··· Records for the task
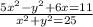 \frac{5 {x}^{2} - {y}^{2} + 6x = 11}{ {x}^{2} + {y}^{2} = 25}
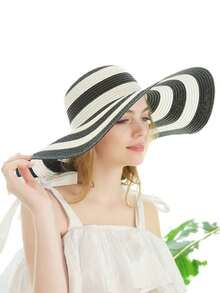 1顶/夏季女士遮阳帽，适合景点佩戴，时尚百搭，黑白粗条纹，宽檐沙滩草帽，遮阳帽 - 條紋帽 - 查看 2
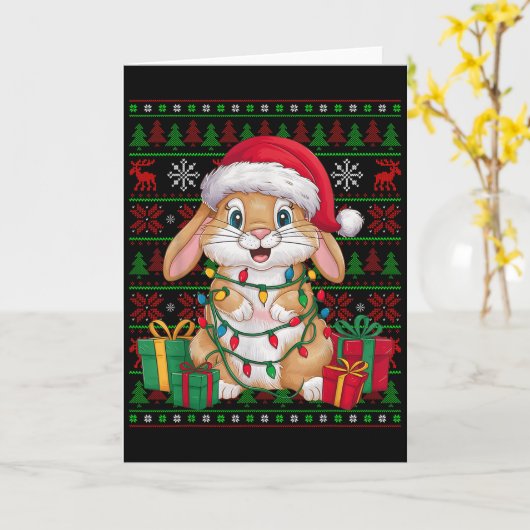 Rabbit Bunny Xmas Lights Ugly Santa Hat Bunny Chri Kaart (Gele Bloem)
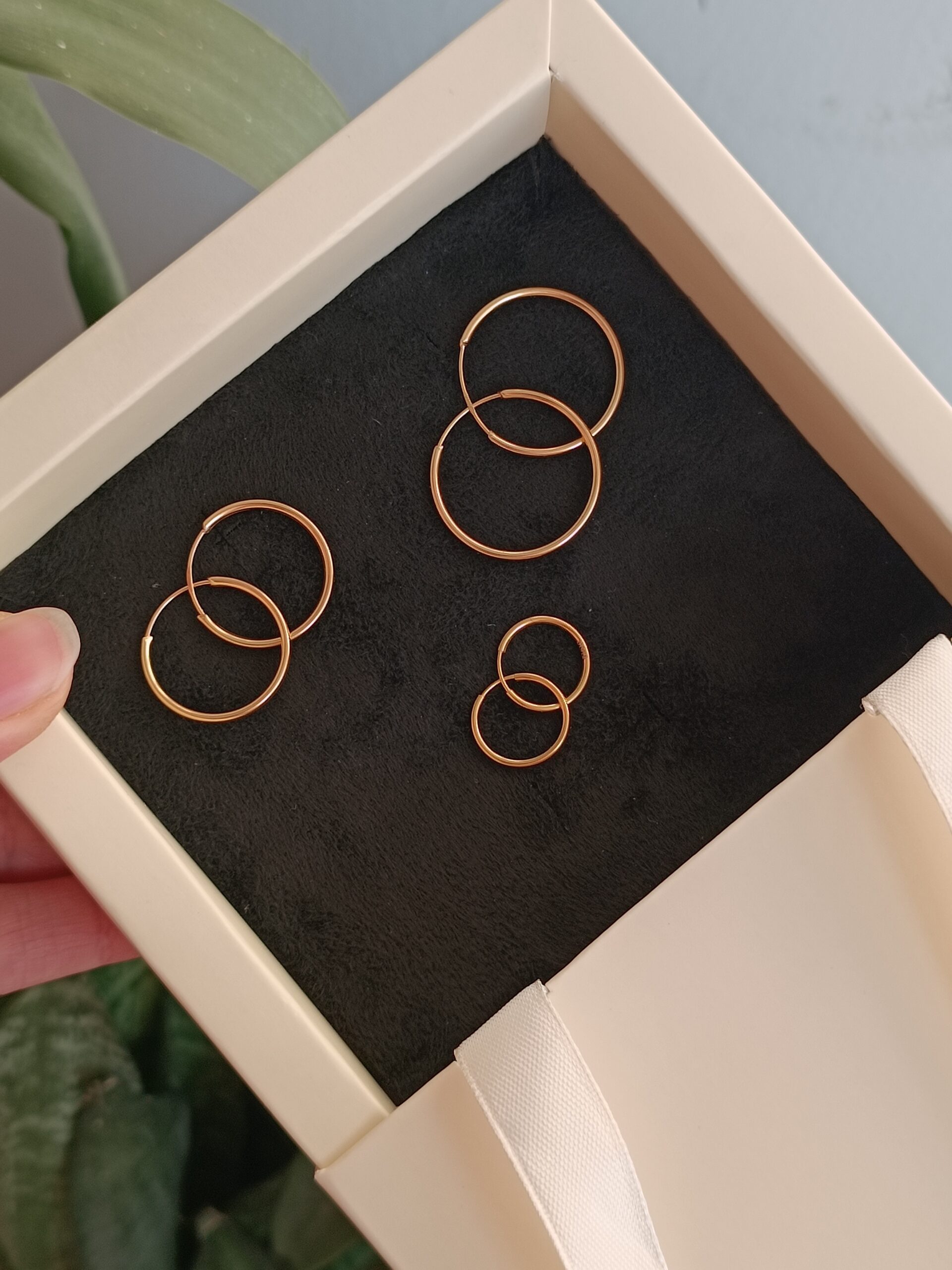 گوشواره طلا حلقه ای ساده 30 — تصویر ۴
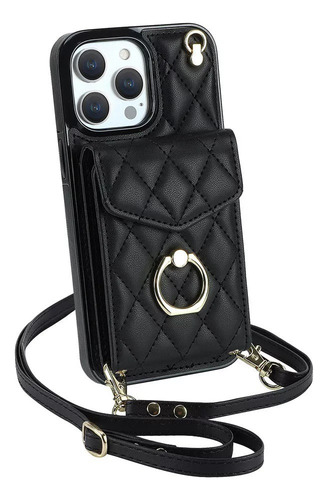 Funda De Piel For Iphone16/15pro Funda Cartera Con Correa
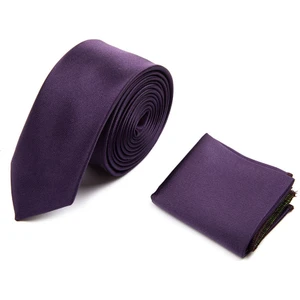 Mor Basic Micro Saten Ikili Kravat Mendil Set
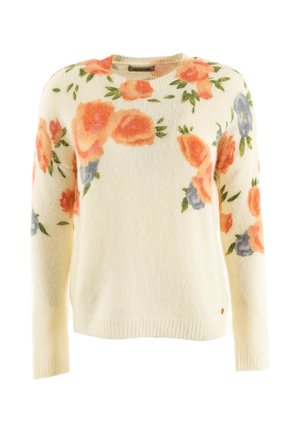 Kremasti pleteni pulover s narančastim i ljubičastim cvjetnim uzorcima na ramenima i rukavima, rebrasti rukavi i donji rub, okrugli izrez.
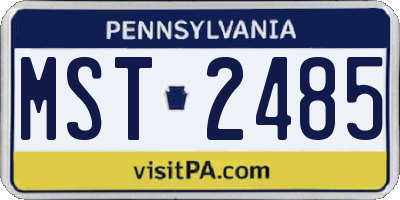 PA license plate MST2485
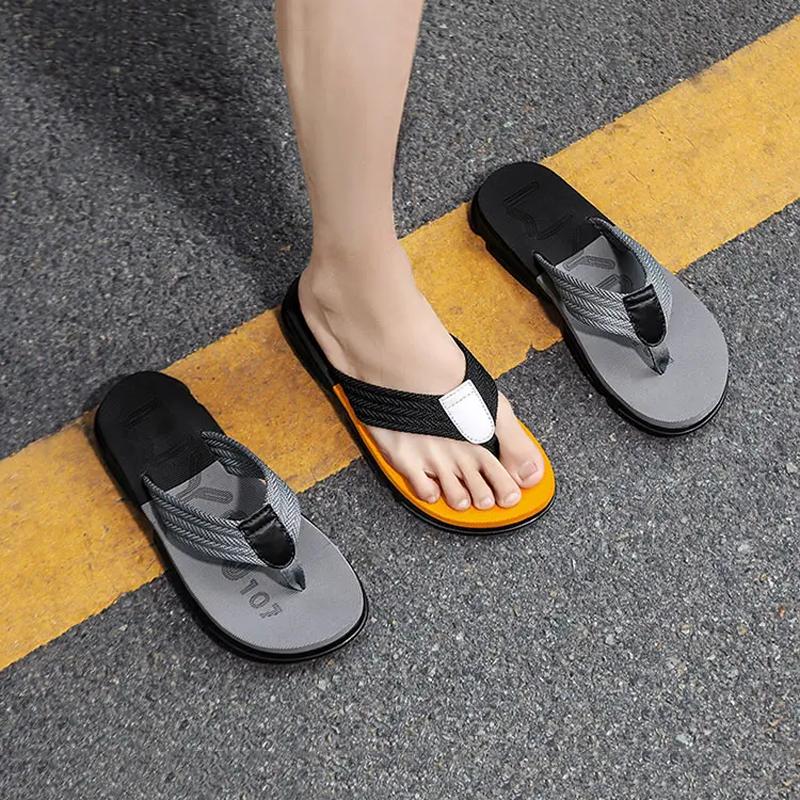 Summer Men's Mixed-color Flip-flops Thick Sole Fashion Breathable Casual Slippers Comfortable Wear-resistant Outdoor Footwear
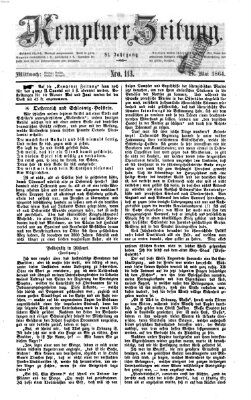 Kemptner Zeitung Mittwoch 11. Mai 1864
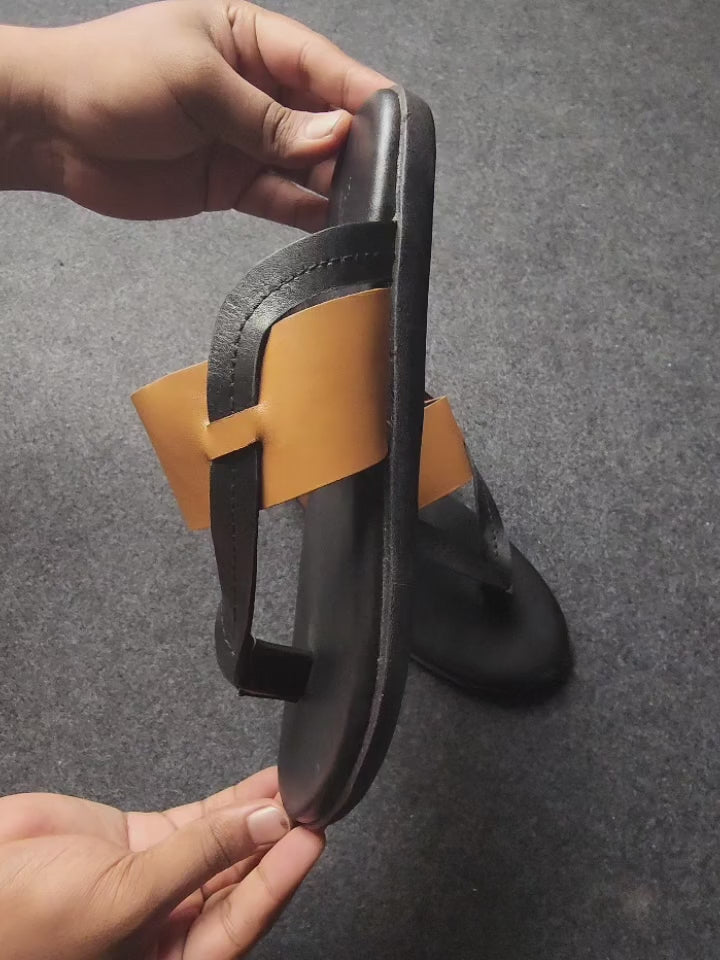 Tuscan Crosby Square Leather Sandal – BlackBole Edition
······
Instructions for the task: Set down exactly, from the line that contains "Kemptner Zeitung Mittwoch 11. Mai 1864" through the last line of the data, each line as it stands, and leave the pictures out.

Written answer:
 Kemptner Zeitung Mittwoch 11. Mai 1864
 Tuscan Crosby Square Leather Sandal – BlackBole Edition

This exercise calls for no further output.